Exercise details
Could you set down exactly the lines of the data below, starting at the one that holds "Immer mehr Menschen" and ending at the one that holds "Dolly Parton is", both included, and only those?

Records provided
***
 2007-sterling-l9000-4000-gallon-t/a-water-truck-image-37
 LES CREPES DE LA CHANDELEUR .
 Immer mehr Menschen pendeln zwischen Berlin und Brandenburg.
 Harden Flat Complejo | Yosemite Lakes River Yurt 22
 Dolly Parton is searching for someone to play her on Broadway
***
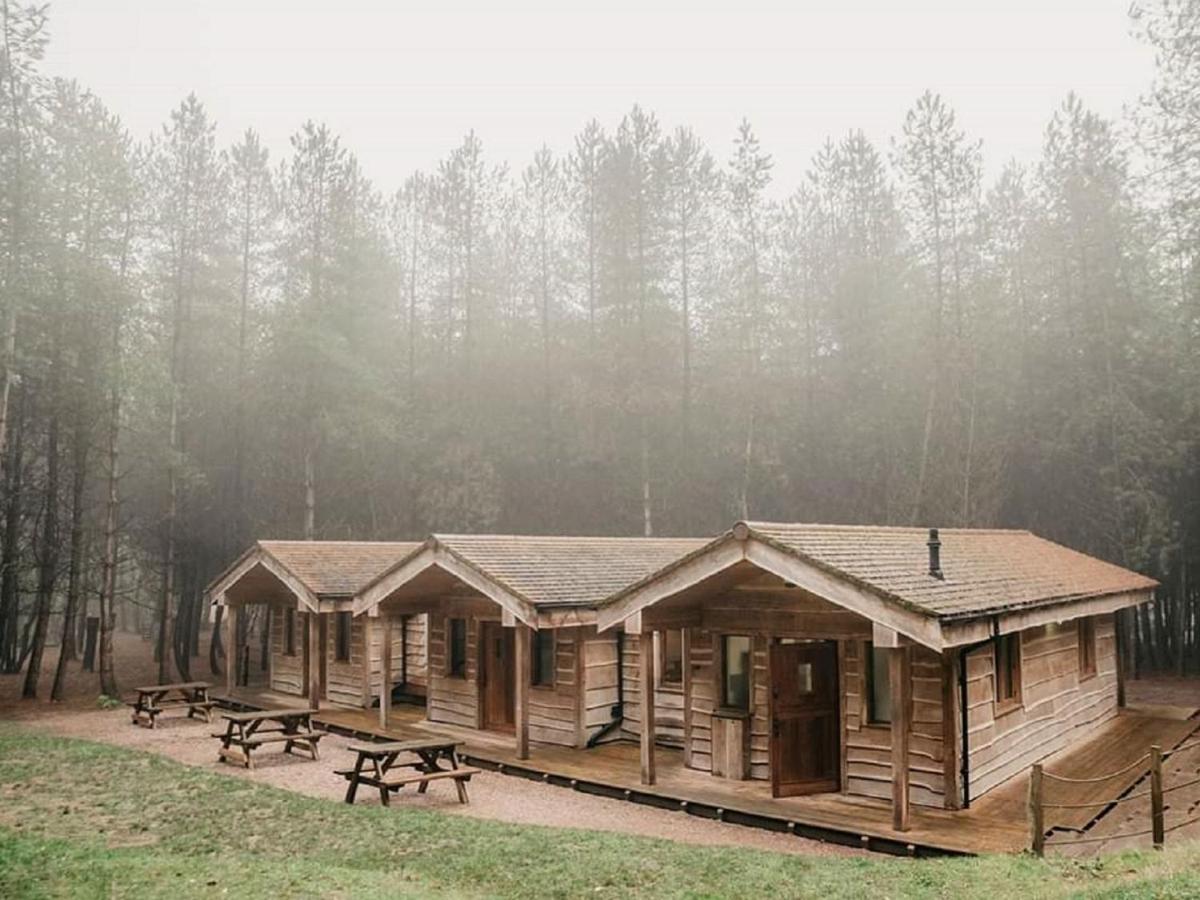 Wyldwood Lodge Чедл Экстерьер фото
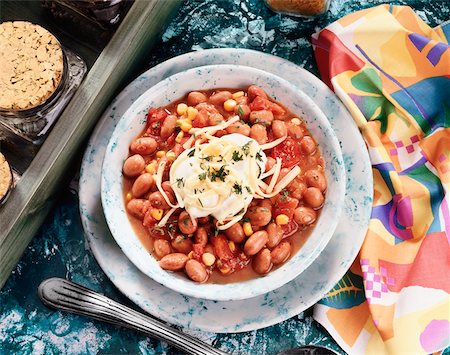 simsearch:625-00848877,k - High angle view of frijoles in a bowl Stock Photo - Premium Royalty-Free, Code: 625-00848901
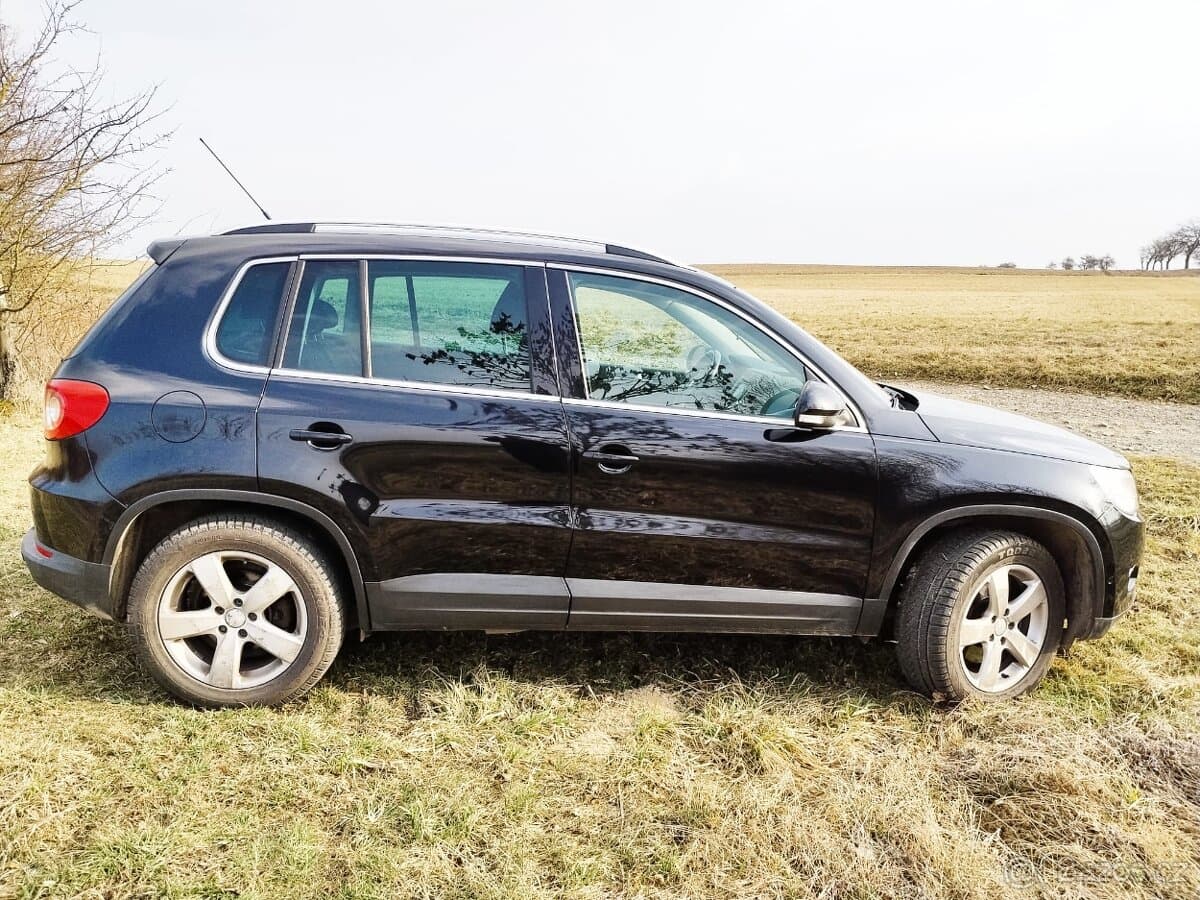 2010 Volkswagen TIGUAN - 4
***
Exercise answer
 Immer mehr Menschen pendeln zwischen Berlin und Brandenburg.
 Harden Flat Complejo | Yosemite Lakes River Yurt 22
 Dolly Parton is searching for someone to play her on Broadway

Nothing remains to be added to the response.